■ What is required ■
What you give back from the listing below should be an exact copy of the lines from the one with "vidaXL, vidaXL 7-tlg." down to the one with "Turtleneck Long Sleeve", and it should contain no pictures.

■ Given records ■
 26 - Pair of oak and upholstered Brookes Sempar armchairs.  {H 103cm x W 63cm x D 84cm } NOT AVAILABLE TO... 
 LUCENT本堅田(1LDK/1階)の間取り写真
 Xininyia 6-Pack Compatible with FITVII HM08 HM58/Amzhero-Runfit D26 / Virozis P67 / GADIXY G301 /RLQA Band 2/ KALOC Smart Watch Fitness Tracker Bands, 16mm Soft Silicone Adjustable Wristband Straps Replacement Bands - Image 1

---

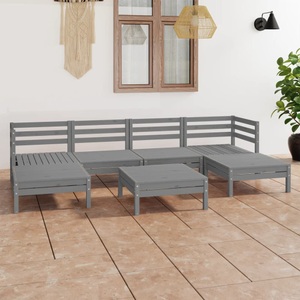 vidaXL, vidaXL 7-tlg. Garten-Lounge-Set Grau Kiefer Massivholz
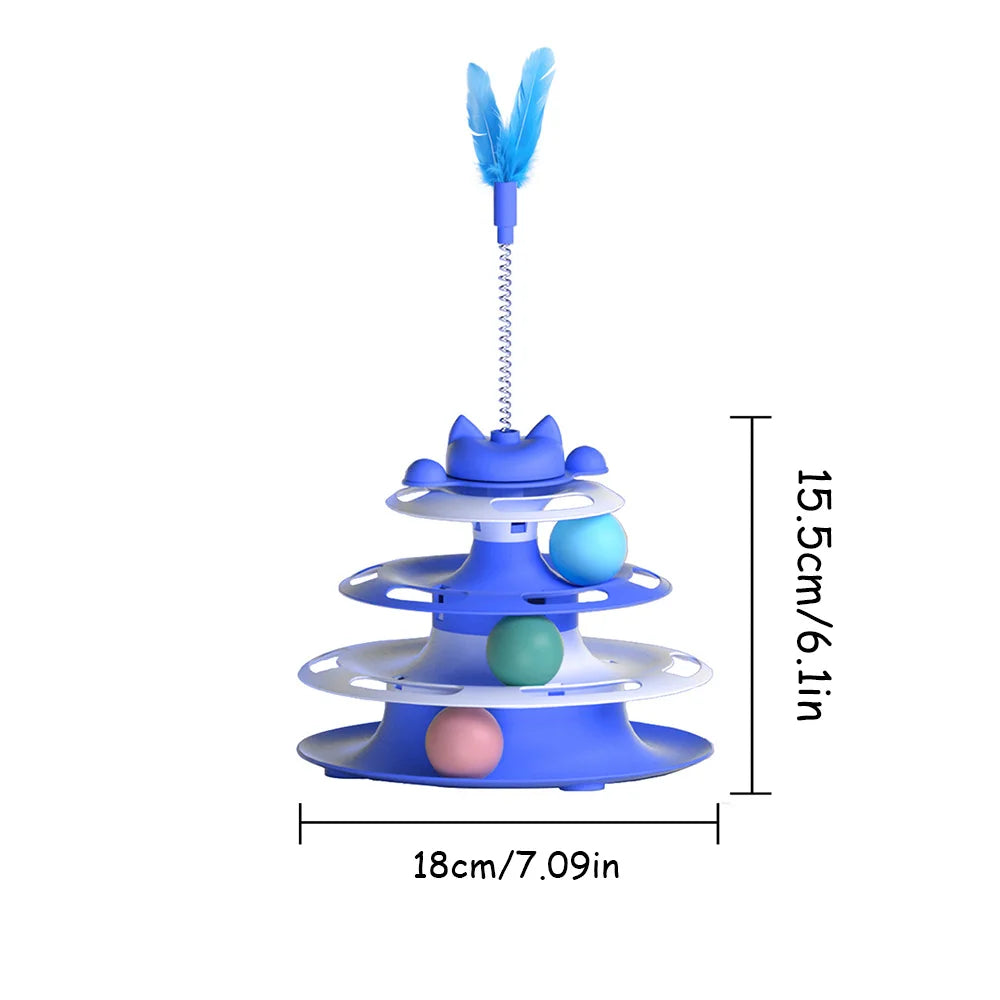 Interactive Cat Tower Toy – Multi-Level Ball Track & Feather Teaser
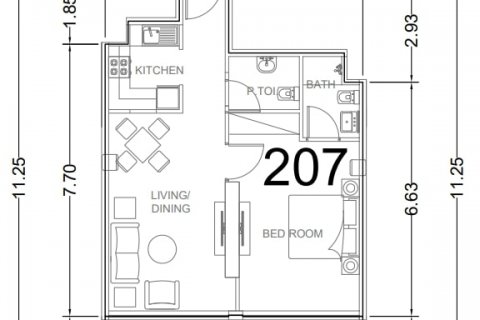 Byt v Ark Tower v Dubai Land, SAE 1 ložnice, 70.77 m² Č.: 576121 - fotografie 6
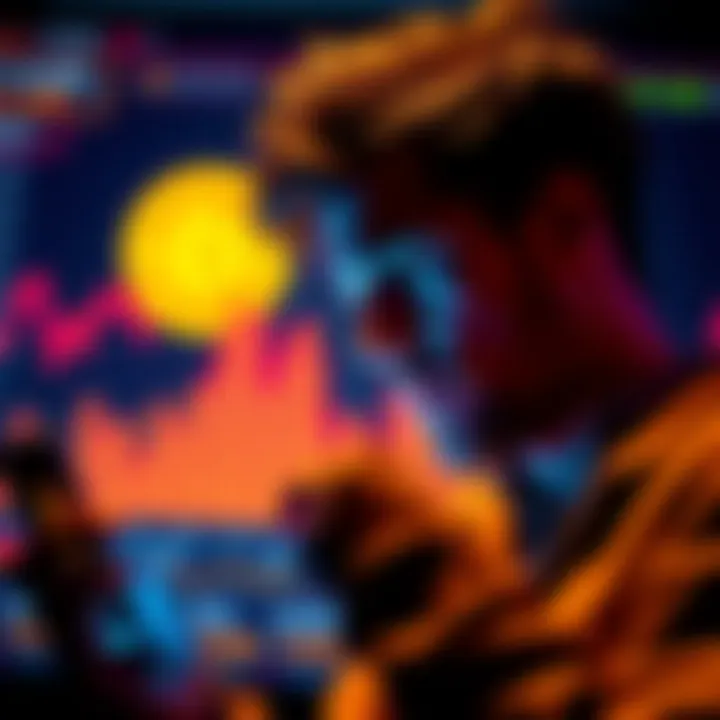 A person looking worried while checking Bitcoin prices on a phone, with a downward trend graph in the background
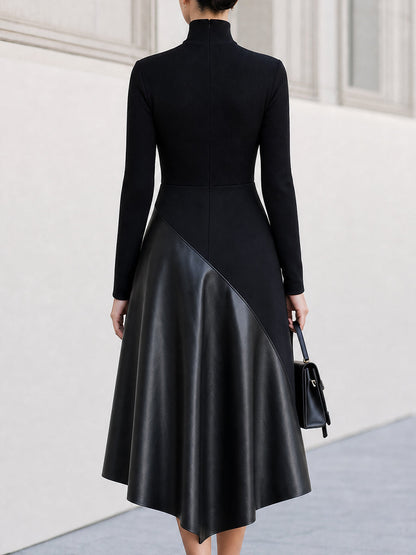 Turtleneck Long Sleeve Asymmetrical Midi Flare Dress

■ Answer box ■
 vidaXL, vidaXL 7-tlg. Garten-Lounge-Set Grau Kiefer Massivholz
 Interactive Cat Tower Toy – Multi-Level Ball Track & Feather Teaser
 Byt v Ark Tower v Dubai Land, SAE 1 ložnice, 70.77 m² Č.: 576121 - fotografie 6
 A person looking worried while checking Bitcoin prices on a phone, with a downward trend graph in the background
 Turtleneck Long Sleeve Asymmetrical Midi Flare Dress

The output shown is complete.